At AgileNorth last week I was asked at the last minute to fill a vacancy left by a speaker who couldn’t make it. I cobbled together a session about “flow”, one of the underlying principles of Lean Thinking, and therefore also of agile software development. Here are a few links to materials and references I should have given at the time:
- My slides are now up on slideshare. Sorry, there are no notes.
- I talked a lot about The Goal by Eli Goldratt; this book is pure genius, and a must-read for anyone interested in improving the productivity of their organisation.
- We discussed the idea that the flow of value through an organisation is limited by exactly one constraint. A wonderfully simple illustration of this can be found in Kevin Fox’s short Blue Light story. Well worth a read.
- I talked a lot about Kent Beck’s paper Continuous Deployment Immersion, which I mistakenly titled “You’d Have to be Crazy to Try This”. I think this is a really cool idea — not because you need to deploy each line of code separately, but because you need to be good at deploying and good at slicing your market offering thinly.

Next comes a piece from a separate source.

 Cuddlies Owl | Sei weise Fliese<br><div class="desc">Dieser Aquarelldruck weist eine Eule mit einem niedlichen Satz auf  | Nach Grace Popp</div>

- I mentioned various practices of eXtreme Programming, including YAGNI, OnsiteCustomer, FrequentReleases and ContinuousIntegration; all of these are needed as you attempt to increase the flow of value by reducing your development batch size.
- I mentioned MMFs — “Minimum Marketable Feature-sets” — as being one way to work with the market to define your smaller batches.
- I mentioned that one of the key difficulties in reducing the software batch size is the acceptance and understanding of emergent design.
I talked about a lot of stuff; please let me know if I’ve missed anything important here.
I’ve also set up an agilenorth2010 tag on del.icio.us to collate the online materials from all the other speakers, as I find them. Please tag anything you find that’s relevant from the day, so it’s all in one place.